__Work instructions__
What you return should be the exact lines from the one with "SPEED GAME Ryzen" to the end of the records below, both included, and no pictures.

** Opening Stored data block **

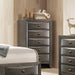 Zosimo Chest - Olympia Furniture (Saint George, Utah)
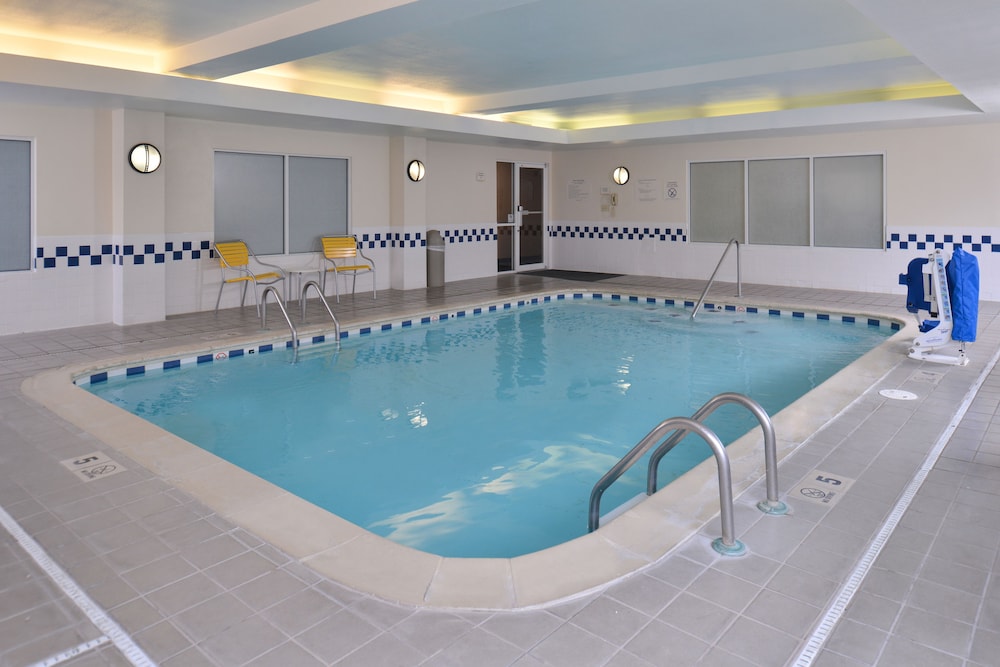 fairfield inn and suites by marriott gulfport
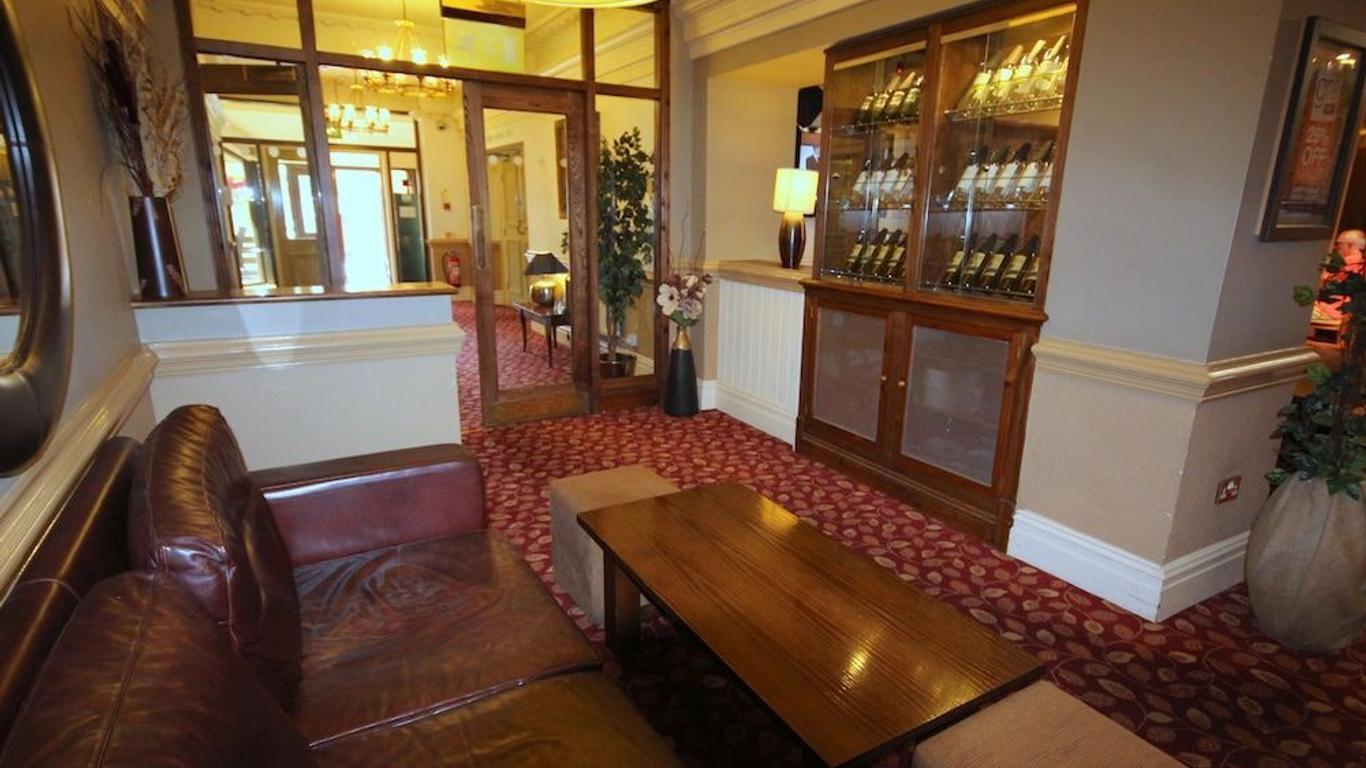 Thomas Arms Hotel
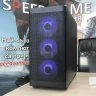 SPEED GAME Ryzen 5X Base RX9060XT 8G Геймърски компютър
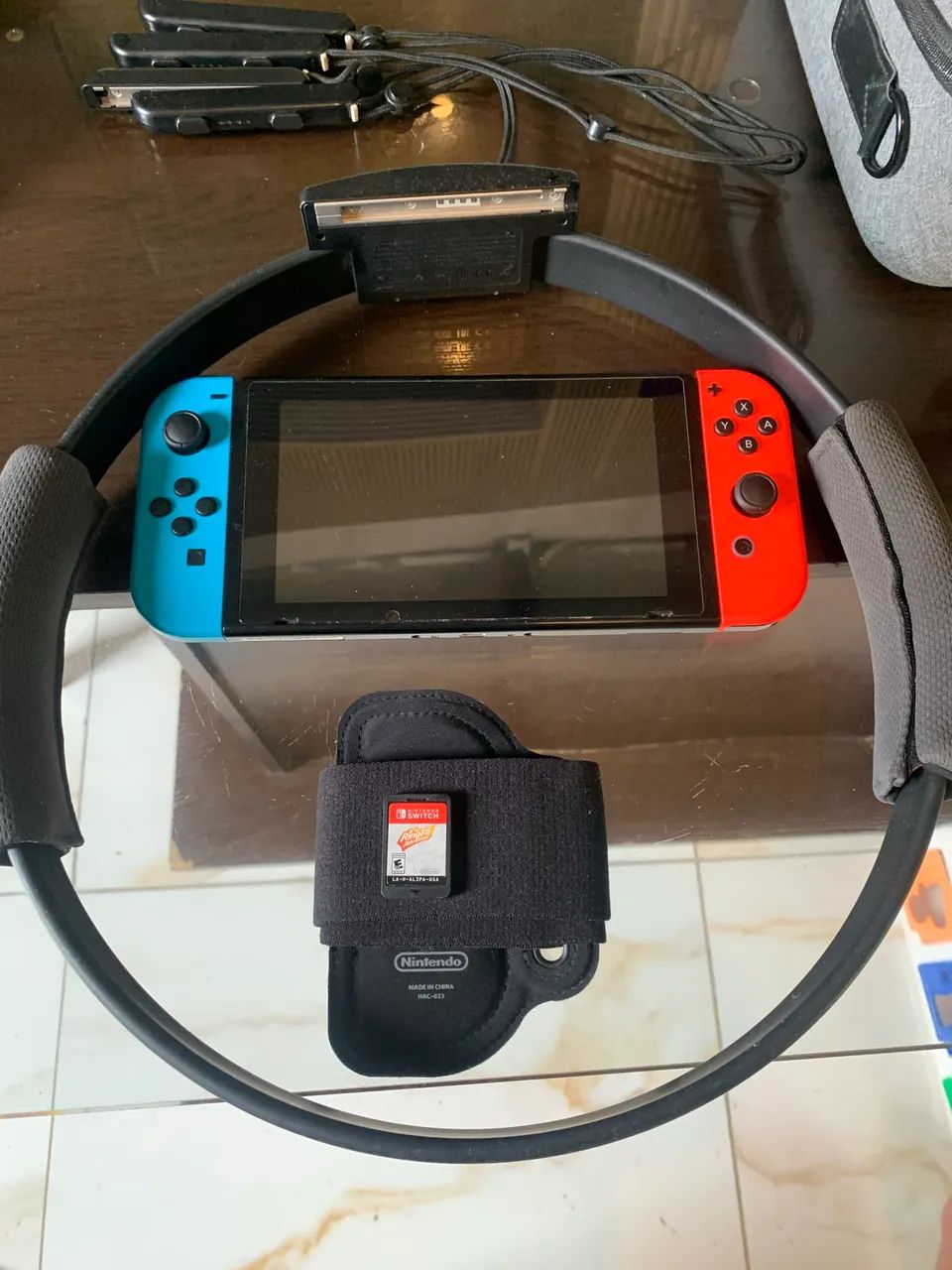 Nintendo switch v1  - Foto 2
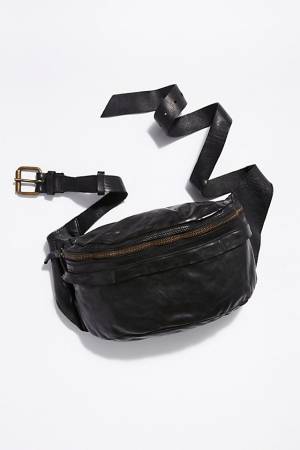Campomaggi Belt Bag "Black Brato"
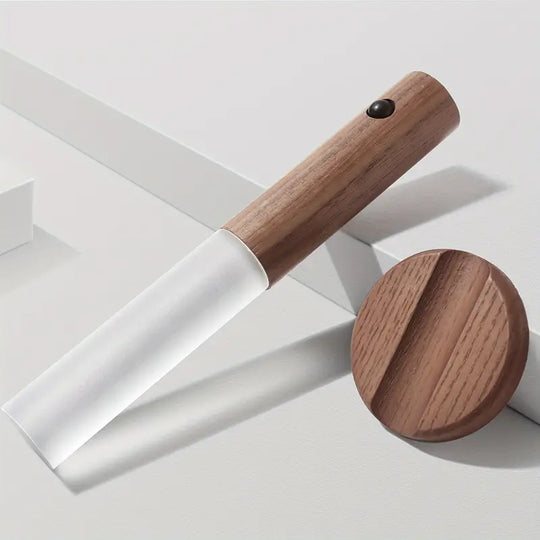 Houten Beweging Sensor Nachtlamp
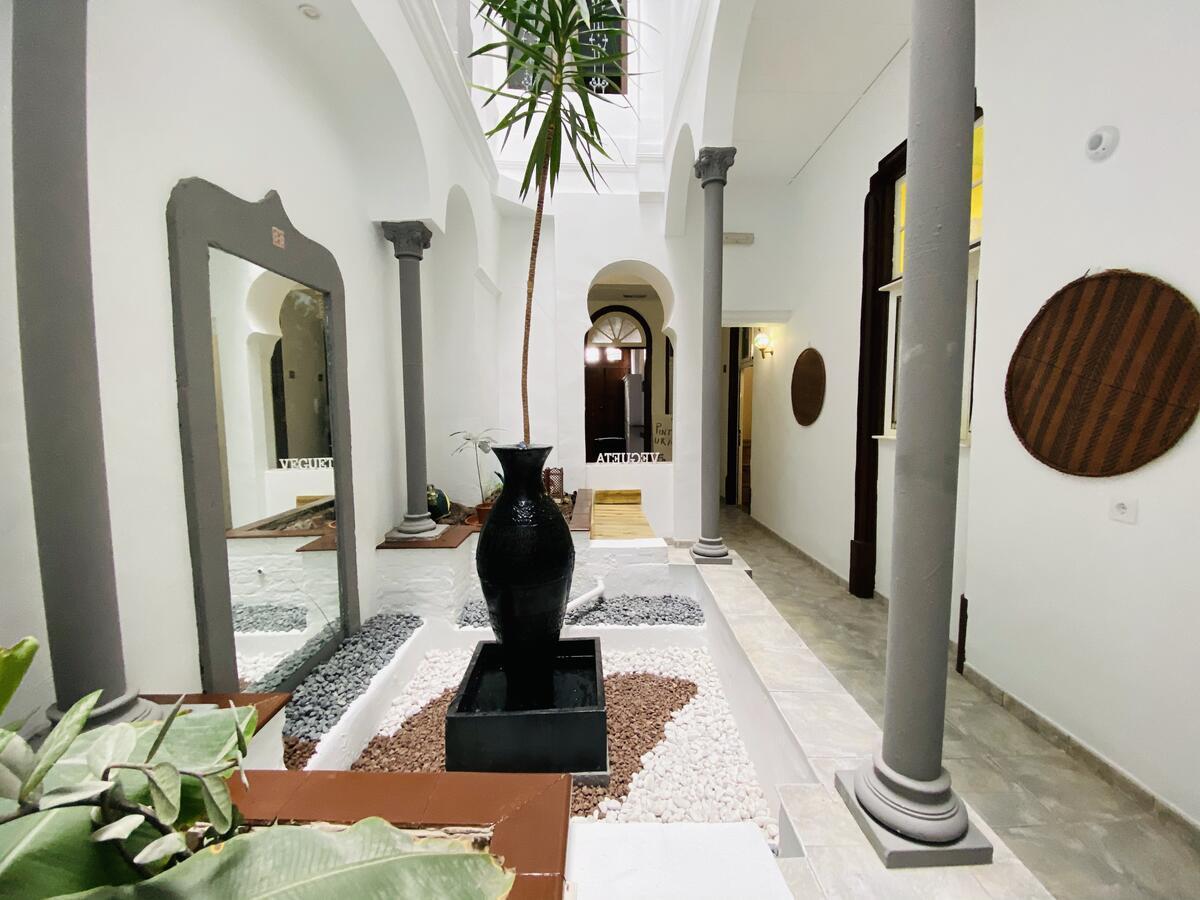 Appartement Vacacionales Vegueta *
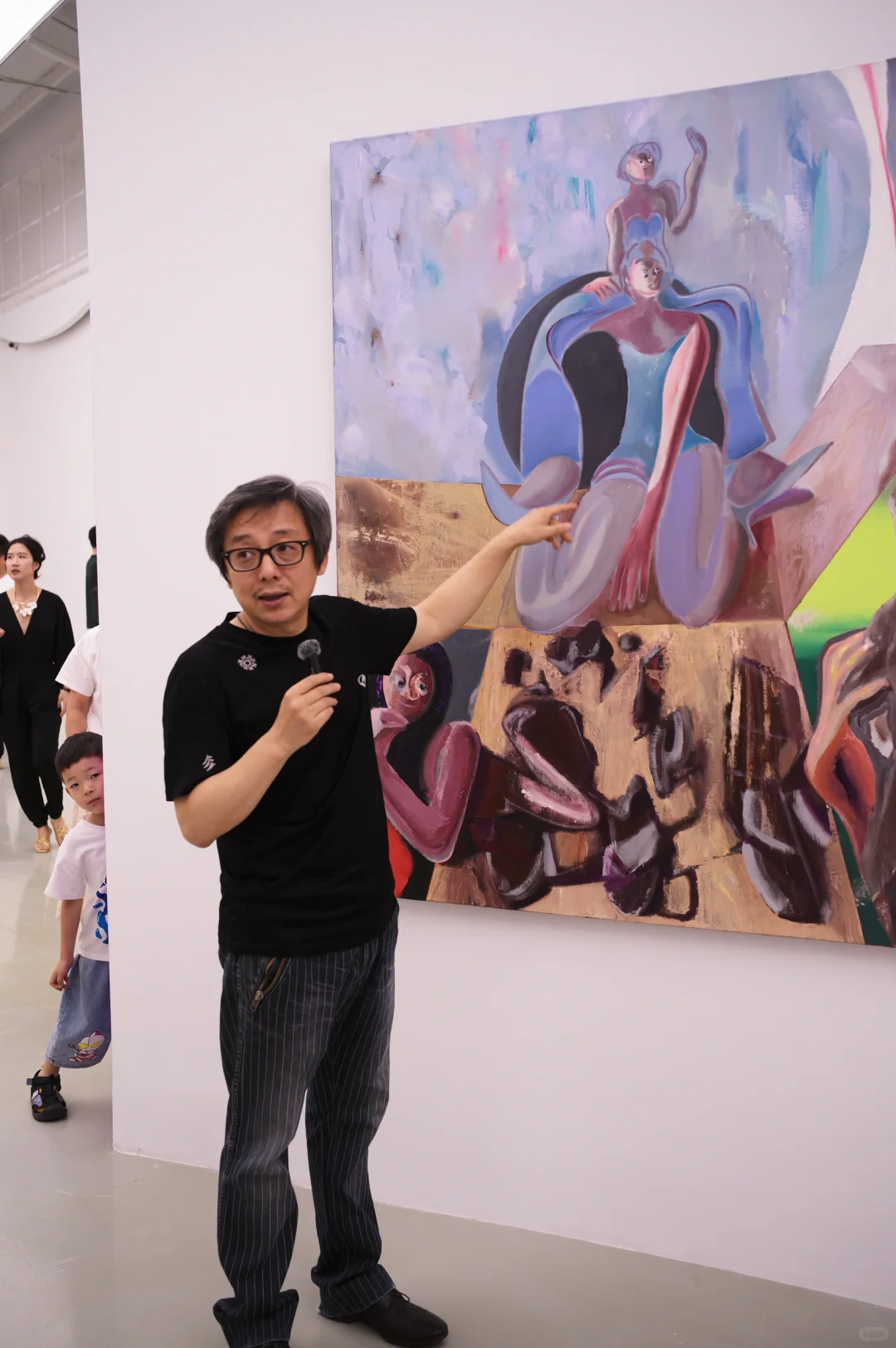 巴塞尔香港艺术博览会 蜂巢当代艺术中心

** Closing Stored data block **

__Output below__
 SPEED GAME Ryzen 5X Base RX9060XT 8G Геймърски компютър
 Nintendo switch v1  - Foto 2
Campomaggi Belt Bag "Black Brato"
 Houten Beweging Sensor Nachtlamp
 Appartement Vacacionales Vegueta *
 巴塞尔香港艺术博览会 蜂巢当代艺术中心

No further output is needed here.